GIVEN DATA ▸

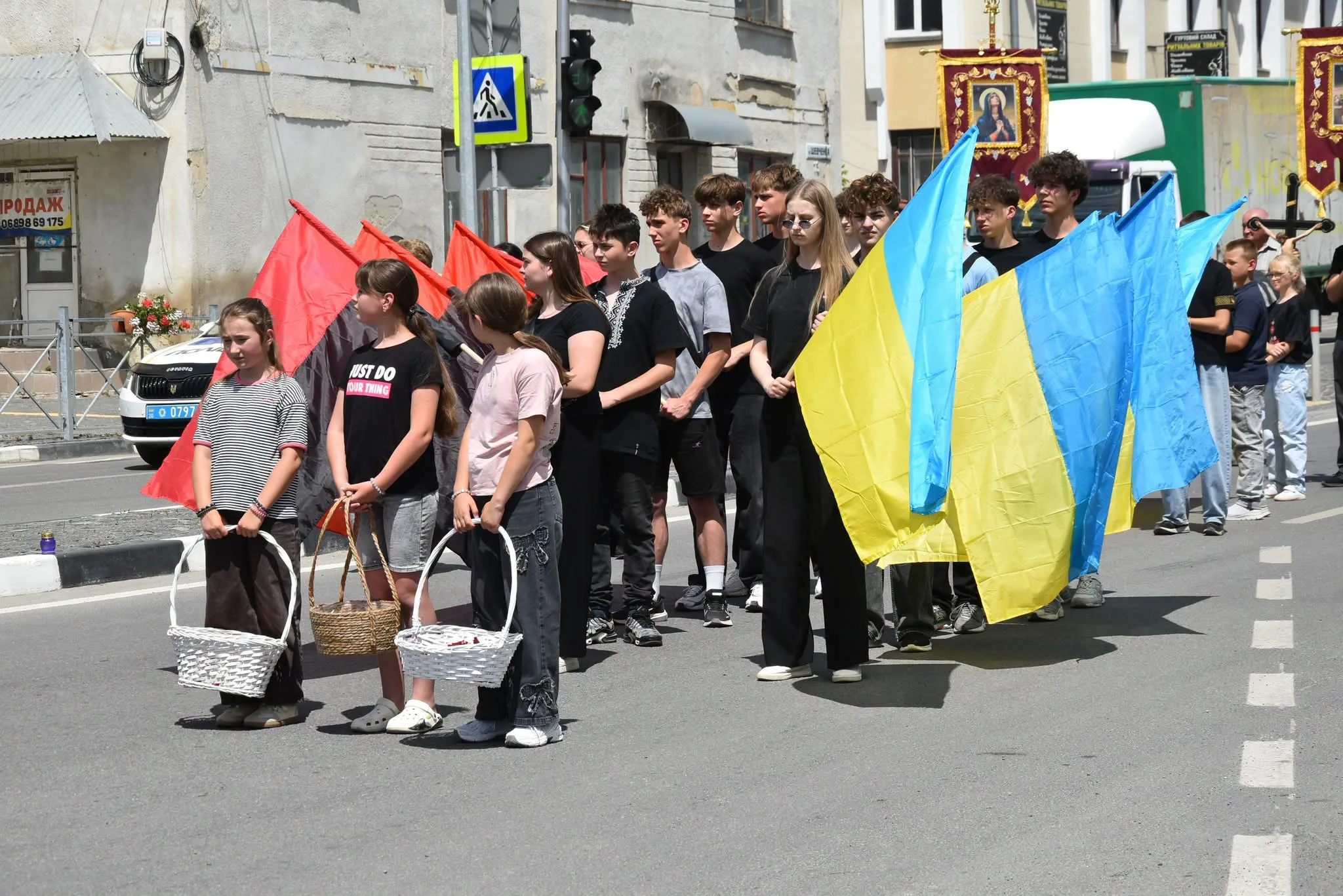 У Теребовлі попрощались з військовослужбовцем Богданом Сененьким
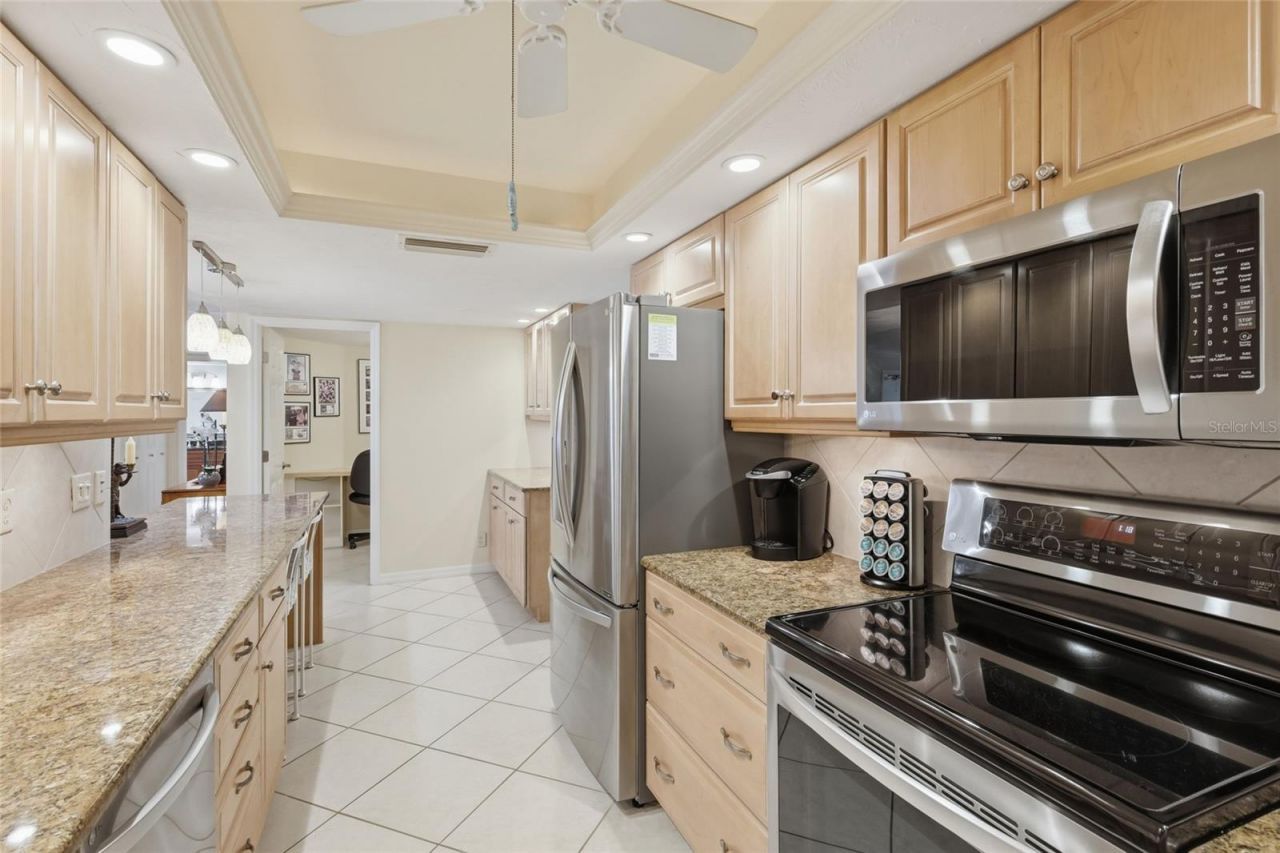 1750 Benjamin Franklin Drive, Unit 9B, Sarasota, FL 34236 Photo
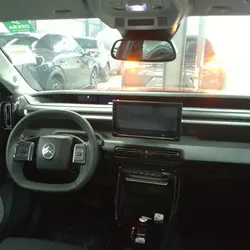 Citroen C3 Aircross 1.2 HYBRIDE 145CH MAX E-DCS6 occasion - Cou&euml;ron - photo 3/5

BRIEF ▸
Please return each line of the listing exactly as written, excluding the images.

EXPECTED ANSWER ▸
 У Теребовлі попрощались з військовослужбовцем Богданом Сененьким
 1750 Benjamin Franklin Drive, Unit 9B, Sarasota, FL 34236 Photo
 Citroen C3 Aircross 1.2 HYBRIDE 145CH MAX E-DCS6 occasion - Cou&euml;ron - photo 3/5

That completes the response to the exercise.